### MATERIAL SUPPLIED
+++++

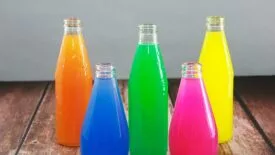 The image shows five glass bottles of basil seed drinks. 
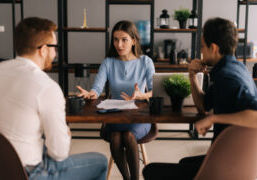 Realtor at table meeting with clients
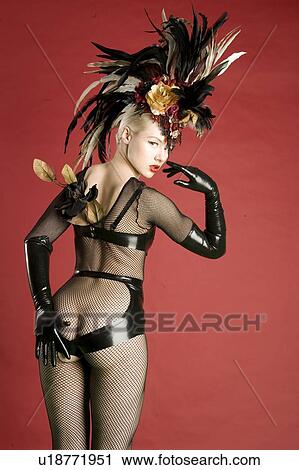 Back view of woman in leather and fishnet stockings looking back View Large Photo Image Stock Image - Back view of woman in leather and fishnet stockings looking back. Fotosearch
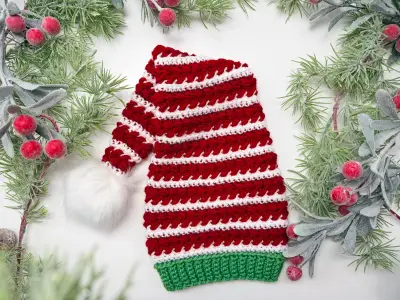 Red and white striped Wheat Stitch Elf Hat with a green brim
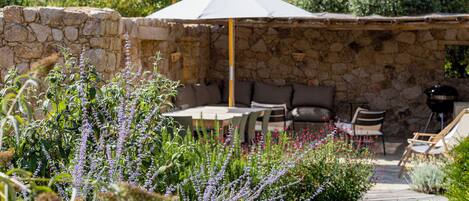 A stone wall, outdoor seating, and a table with an umbrella.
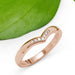 Chevron wedding ring in rose gold with pavé Canadian diamonds beside a green leaf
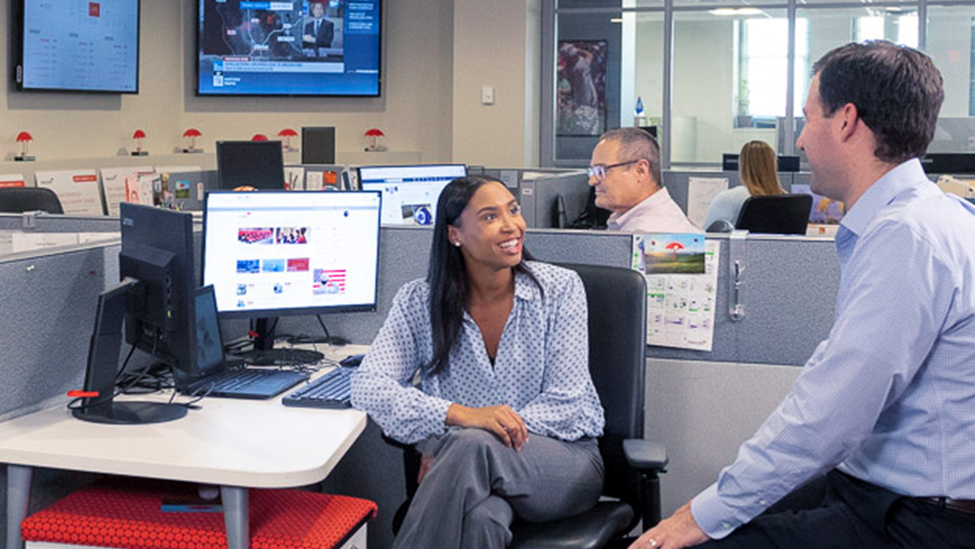 Man and woman talking in an office.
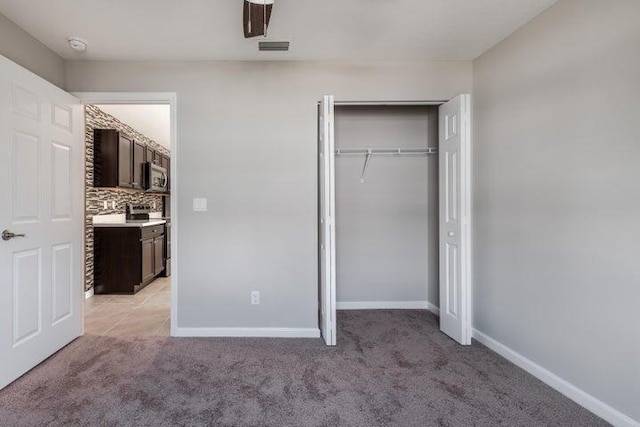 unfurnished bedroom with a closet, light carpet, visible vents, and baseboards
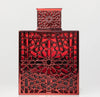 Decorative red metal box with intricate geometric pattern on a white background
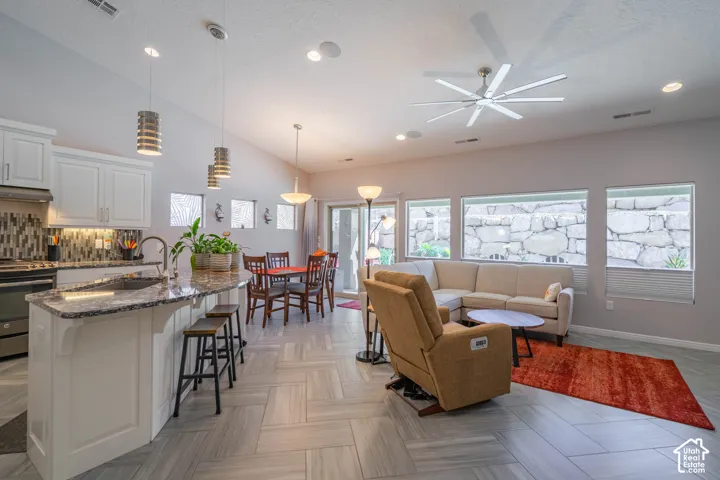 Open-concept interior featuring large-format tile flooring laid in a herringbone pattern, white cabinetry, a multi-tonal tile backsplash, and a multi-blade ceiling fan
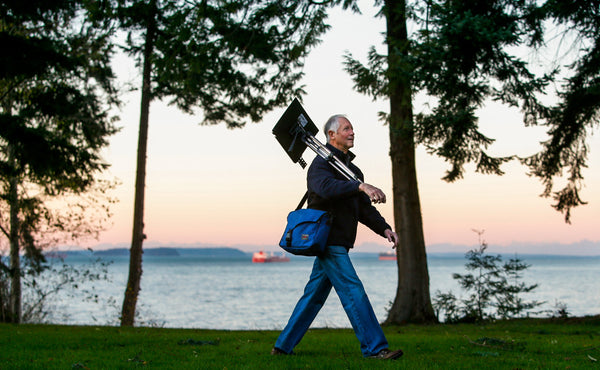 A person carrying a portable easel with a Maker's Bag slung cross-body.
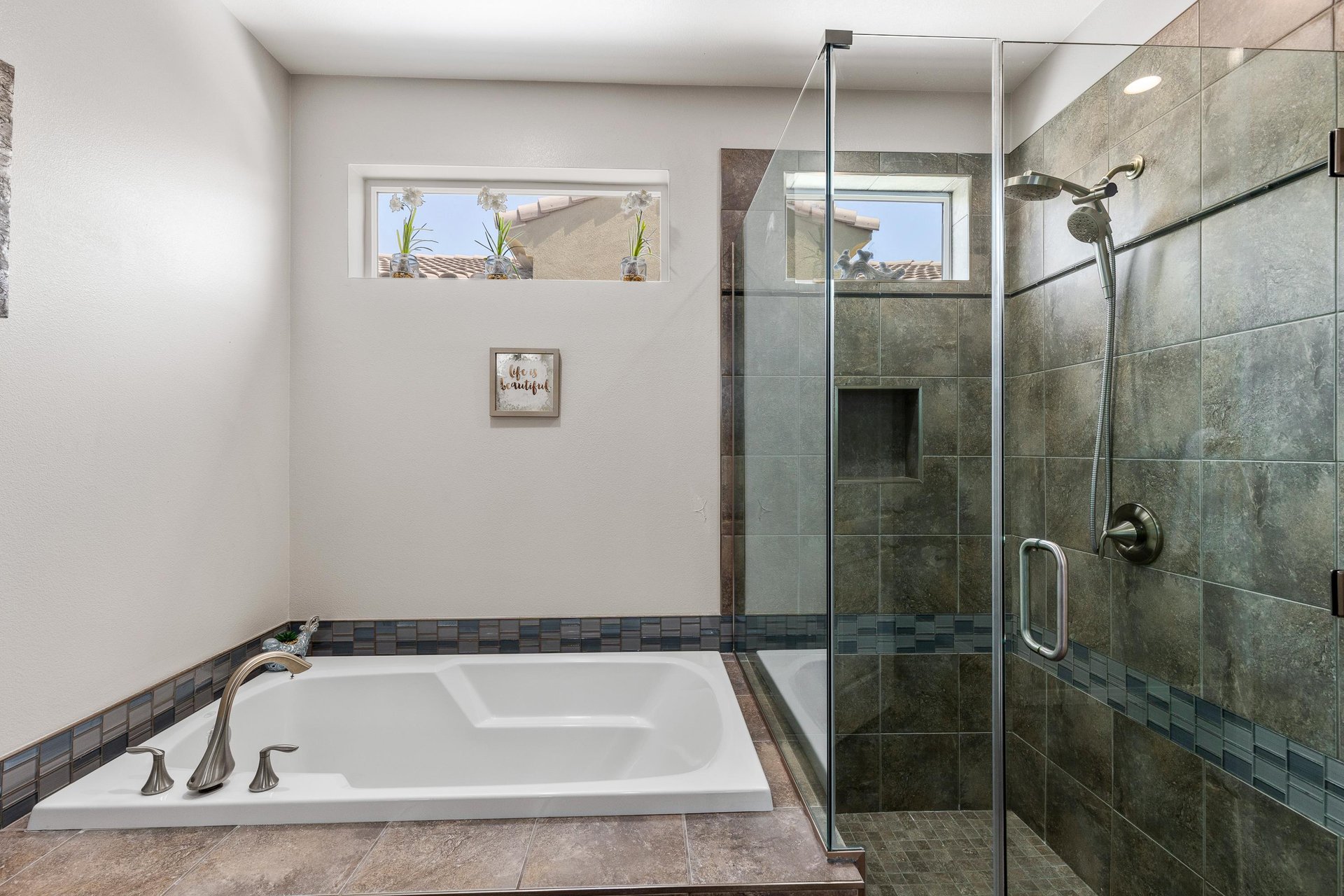 Enjoy a bath or a shower in the primary suite bathroom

+++++

### WORK TO COMPLETE
Exactly the lines from the top of the entries through the line with "unfurnished bedroom with", inclusive, must be given again, with every picture omitted.

### TASK OUTPUT
 The image shows five glass bottles of basil seed drinks. 
 Realtor at table meeting with clients
 Back view of woman in leather and fishnet stockings looking back View Large Photo Image Stock Image - Back view of woman in leather and fishnet stockings looking back. Fotosearch
 Red and white striped Wheat Stitch Elf Hat with a green brim
 A stone wall, outdoor seating, and a table with an umbrella.
 Chevron wedding ring in rose gold with pavé Canadian diamonds beside a green leaf
 Man and woman talking in an office.
 unfurnished bedroom with a closet, light carpet, visible vents, and baseboards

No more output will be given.